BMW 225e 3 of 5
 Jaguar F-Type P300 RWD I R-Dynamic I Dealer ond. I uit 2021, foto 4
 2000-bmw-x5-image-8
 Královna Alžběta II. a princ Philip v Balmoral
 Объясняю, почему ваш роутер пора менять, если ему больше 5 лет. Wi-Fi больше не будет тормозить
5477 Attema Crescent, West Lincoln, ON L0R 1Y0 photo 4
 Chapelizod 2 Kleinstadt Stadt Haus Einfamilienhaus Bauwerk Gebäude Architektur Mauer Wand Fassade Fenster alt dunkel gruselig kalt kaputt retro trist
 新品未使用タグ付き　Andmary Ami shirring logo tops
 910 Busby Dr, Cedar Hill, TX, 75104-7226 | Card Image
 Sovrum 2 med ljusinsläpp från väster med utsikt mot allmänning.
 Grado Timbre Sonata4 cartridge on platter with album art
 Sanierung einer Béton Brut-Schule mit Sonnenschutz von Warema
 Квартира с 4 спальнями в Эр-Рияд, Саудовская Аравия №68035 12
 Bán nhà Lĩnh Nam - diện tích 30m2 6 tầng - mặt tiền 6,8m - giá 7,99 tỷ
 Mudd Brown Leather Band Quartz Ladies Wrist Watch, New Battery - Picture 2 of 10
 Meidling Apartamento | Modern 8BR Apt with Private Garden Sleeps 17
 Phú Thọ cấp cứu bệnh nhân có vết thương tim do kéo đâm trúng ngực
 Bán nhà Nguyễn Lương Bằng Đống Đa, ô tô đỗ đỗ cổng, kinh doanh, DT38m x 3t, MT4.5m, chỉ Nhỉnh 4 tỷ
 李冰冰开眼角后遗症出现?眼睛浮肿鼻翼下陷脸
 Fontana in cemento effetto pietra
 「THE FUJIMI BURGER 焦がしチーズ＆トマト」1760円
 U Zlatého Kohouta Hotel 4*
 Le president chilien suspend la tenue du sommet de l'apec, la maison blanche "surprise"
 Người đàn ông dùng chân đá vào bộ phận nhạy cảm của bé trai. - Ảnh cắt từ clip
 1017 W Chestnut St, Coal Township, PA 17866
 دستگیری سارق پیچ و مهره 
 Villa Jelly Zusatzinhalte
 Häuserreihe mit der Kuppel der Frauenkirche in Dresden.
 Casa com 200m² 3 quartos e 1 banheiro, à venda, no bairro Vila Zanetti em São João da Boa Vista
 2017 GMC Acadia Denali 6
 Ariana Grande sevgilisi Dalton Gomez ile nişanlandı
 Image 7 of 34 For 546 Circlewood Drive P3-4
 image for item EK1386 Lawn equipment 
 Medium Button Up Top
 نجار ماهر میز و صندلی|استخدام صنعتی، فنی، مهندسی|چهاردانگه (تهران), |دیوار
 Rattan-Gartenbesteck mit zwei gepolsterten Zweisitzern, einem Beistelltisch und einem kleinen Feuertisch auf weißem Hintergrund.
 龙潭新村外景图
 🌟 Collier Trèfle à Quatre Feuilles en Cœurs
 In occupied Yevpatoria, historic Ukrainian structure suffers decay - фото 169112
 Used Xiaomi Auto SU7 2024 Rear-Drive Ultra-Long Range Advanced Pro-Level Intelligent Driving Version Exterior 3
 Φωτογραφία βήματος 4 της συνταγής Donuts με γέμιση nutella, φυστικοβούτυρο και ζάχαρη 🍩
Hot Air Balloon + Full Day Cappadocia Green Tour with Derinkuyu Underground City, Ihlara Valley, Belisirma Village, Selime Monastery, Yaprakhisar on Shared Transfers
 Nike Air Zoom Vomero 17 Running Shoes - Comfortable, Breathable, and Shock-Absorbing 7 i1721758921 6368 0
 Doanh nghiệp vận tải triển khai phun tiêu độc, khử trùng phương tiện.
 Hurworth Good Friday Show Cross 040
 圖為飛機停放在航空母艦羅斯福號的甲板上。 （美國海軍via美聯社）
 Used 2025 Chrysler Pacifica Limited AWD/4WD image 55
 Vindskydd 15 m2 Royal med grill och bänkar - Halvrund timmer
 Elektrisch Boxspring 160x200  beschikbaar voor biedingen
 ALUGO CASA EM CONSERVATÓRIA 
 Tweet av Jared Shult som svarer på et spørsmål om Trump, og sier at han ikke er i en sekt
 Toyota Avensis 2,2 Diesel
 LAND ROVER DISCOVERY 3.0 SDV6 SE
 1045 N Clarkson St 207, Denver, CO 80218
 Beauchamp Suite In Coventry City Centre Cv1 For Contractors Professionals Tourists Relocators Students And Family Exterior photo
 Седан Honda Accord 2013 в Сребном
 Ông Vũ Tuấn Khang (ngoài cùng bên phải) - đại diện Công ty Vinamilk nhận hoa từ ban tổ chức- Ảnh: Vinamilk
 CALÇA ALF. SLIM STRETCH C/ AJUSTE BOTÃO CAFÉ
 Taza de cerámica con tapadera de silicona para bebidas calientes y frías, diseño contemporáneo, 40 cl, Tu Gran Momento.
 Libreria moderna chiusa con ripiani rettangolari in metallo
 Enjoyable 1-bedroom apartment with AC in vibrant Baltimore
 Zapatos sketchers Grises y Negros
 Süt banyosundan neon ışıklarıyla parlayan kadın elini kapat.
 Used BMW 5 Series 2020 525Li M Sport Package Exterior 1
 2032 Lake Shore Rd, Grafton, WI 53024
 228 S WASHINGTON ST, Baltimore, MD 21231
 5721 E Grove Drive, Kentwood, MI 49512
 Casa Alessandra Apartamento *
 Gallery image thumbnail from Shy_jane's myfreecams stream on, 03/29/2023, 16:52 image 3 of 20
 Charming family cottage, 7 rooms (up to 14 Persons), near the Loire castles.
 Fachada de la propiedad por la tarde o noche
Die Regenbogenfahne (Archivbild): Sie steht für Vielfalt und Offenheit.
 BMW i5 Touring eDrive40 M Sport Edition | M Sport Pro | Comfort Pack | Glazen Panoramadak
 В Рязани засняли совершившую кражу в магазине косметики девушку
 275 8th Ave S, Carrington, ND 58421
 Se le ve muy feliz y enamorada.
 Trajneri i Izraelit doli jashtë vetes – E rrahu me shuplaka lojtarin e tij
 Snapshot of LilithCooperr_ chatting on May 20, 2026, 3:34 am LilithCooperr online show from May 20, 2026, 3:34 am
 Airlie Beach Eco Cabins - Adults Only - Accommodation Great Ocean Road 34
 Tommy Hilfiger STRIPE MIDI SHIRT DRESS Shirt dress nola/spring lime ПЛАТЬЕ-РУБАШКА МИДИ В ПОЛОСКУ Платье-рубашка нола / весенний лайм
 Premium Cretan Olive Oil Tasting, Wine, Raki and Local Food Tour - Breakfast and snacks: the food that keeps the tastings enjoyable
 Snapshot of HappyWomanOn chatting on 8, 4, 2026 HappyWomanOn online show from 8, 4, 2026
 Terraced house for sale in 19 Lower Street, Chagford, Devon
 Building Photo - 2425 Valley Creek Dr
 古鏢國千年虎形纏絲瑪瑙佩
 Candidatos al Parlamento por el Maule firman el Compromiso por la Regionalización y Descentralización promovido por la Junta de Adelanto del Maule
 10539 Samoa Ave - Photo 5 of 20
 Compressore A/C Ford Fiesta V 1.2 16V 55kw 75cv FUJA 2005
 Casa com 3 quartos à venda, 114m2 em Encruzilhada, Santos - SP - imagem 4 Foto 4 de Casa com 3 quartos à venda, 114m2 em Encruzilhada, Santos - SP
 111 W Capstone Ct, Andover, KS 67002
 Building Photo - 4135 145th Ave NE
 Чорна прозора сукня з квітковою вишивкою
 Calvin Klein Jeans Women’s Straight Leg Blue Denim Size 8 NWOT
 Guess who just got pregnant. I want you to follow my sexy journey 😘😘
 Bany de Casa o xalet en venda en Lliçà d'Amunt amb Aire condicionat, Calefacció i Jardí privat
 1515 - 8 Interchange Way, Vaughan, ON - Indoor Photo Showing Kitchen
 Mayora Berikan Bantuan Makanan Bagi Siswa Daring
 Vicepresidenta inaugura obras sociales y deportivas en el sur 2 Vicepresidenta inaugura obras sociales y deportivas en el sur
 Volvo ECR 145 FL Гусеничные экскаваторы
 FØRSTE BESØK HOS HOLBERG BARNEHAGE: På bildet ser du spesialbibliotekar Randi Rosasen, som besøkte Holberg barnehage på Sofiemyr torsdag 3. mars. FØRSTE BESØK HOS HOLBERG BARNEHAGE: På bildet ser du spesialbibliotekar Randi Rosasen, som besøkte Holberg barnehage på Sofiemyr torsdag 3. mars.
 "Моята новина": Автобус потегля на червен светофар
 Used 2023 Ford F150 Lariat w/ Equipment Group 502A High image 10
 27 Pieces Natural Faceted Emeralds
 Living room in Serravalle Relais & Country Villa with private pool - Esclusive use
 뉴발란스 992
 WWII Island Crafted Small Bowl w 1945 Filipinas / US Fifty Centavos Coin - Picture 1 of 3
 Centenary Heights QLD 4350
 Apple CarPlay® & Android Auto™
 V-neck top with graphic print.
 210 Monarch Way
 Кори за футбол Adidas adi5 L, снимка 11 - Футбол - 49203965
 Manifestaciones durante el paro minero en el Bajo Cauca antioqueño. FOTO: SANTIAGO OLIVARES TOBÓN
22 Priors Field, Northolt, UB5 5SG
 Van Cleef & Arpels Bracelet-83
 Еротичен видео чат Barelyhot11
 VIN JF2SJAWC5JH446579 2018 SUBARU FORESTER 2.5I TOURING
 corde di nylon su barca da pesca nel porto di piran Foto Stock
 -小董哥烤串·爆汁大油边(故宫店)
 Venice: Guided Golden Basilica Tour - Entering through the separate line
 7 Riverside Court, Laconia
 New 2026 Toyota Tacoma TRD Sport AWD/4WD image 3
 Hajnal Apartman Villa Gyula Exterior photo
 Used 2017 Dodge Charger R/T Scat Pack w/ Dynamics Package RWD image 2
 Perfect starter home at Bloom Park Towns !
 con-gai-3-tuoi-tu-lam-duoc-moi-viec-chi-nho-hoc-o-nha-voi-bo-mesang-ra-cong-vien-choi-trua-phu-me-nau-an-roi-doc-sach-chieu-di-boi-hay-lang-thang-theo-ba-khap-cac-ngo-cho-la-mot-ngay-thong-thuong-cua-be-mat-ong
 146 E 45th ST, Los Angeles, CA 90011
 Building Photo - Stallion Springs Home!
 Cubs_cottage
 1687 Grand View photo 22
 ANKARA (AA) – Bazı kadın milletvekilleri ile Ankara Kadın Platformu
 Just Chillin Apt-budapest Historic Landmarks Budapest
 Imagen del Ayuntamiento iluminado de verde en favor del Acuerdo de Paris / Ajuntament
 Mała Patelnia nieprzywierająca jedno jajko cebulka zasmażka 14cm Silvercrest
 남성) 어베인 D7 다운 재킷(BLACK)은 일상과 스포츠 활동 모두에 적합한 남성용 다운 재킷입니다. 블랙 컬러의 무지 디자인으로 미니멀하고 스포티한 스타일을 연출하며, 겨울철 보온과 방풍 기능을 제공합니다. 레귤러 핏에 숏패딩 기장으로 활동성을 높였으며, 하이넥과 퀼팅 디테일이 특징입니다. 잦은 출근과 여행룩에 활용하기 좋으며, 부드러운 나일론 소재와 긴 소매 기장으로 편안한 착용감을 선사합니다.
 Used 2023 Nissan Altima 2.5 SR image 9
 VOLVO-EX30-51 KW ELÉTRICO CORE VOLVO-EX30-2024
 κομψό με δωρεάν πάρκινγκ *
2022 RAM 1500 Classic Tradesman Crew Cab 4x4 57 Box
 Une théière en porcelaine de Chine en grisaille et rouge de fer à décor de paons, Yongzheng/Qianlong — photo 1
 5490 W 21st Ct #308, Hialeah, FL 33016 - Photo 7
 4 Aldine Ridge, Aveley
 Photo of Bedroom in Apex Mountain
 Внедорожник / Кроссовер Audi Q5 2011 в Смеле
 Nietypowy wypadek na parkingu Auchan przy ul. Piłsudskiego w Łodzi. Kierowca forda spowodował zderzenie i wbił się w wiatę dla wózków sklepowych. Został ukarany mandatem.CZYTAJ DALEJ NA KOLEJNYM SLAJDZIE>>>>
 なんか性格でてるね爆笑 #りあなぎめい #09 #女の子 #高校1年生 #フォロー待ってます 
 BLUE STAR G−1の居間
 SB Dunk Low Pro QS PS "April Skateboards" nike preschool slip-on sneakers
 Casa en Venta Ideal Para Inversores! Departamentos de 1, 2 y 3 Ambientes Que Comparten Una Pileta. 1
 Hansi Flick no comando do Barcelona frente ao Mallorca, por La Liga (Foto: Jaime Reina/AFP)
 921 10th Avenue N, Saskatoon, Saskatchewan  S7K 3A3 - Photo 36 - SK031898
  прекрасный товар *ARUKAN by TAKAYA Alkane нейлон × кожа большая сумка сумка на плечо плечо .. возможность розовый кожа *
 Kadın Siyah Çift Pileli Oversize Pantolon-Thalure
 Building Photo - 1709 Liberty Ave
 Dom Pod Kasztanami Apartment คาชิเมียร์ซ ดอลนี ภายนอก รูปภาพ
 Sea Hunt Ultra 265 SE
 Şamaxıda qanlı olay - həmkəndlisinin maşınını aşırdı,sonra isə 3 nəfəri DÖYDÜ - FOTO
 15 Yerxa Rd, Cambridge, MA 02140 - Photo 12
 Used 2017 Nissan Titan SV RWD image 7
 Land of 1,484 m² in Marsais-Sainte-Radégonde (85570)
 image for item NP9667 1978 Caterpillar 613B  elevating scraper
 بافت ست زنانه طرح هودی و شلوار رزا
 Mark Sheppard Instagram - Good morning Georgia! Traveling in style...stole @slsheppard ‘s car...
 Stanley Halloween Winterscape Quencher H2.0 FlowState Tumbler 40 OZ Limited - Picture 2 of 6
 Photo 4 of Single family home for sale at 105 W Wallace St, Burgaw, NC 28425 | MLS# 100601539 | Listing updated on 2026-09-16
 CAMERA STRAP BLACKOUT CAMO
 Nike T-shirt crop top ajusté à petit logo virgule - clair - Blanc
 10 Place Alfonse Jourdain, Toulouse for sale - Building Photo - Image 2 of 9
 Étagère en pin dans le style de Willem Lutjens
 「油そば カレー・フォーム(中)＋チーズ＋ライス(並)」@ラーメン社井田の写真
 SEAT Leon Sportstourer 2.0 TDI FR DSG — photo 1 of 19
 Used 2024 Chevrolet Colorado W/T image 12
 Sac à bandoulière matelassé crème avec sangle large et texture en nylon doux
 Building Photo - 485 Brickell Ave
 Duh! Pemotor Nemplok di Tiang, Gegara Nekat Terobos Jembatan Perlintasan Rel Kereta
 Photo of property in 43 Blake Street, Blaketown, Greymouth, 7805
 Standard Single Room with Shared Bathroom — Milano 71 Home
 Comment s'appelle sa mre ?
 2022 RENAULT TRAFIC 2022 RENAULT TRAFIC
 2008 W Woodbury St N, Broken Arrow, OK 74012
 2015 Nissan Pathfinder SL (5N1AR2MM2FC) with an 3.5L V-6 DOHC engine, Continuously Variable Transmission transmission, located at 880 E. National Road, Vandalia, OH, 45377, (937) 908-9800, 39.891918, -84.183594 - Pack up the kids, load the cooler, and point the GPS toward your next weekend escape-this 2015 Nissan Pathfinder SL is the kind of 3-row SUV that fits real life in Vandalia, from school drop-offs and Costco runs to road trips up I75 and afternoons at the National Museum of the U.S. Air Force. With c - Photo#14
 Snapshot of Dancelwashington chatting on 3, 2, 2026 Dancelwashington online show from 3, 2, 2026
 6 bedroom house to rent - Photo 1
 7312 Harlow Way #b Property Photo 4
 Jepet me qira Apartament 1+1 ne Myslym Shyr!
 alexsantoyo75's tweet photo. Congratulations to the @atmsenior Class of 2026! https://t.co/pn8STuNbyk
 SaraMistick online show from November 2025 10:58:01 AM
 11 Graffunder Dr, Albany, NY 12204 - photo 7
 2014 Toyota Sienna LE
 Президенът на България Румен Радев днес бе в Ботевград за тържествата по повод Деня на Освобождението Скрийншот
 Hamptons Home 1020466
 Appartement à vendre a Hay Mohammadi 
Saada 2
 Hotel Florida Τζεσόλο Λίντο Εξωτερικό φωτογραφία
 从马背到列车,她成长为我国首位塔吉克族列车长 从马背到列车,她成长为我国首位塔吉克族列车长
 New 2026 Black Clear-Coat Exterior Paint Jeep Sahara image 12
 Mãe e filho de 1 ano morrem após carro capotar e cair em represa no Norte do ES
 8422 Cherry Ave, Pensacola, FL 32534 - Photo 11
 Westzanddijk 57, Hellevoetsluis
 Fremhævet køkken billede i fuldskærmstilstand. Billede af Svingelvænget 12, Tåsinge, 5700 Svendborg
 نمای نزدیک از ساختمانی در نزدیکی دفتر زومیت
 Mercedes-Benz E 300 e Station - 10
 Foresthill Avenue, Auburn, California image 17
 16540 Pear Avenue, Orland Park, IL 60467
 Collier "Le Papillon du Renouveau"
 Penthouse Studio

#####

What is expected → Beginning at the top of the data, extract each line through the line containing "Phú Thọ cấp" and return those lines exactly, with nothing added.

Problem solution →
BMW 225e 3 of 5
 Jaguar F-Type P300 RWD I R-Dynamic I Dealer ond. I uit 2021, foto 4
 2000-bmw-x5-image-8
 Královna Alžběta II. a princ Philip v Balmoral
 Объясняю, почему ваш роутер пора менять, если ему больше 5 лет. Wi-Fi больше не будет тормозить
5477 Attema Crescent, West Lincoln, ON L0R 1Y0 photo 4
 Chapelizod 2 Kleinstadt Stadt Haus Einfamilienhaus Bauwerk Gebäude Architektur Mauer Wand Fassade Fenster alt dunkel gruselig kalt kaputt retro trist
 新品未使用タグ付き　Andmary Ami shirring logo tops
 910 Busby Dr, Cedar Hill, TX, 75104-7226 | Card Image
 Sovrum 2 med ljusinsläpp från väster med utsikt mot allmänning.
 Grado Timbre Sonata4 cartridge on platter with album art
 Sanierung einer Béton Brut-Schule mit Sonnenschutz von Warema
 Квартира с 4 спальнями в Эр-Рияд, Саудовская Аравия №68035 12
 Bán nhà Lĩnh Nam - diện tích 30m2 6 tầng - mặt tiền 6,8m - giá 7,99 tỷ
 Mudd Brown Leather Band Quartz Ladies Wrist Watch, New Battery - Picture 2 of 10
 Meidling Apartamento | Modern 8BR Apt with Private Garden Sleeps 17
 Phú Thọ cấp cứu bệnh nhân có vết thương tim do kéo đâm trúng ngực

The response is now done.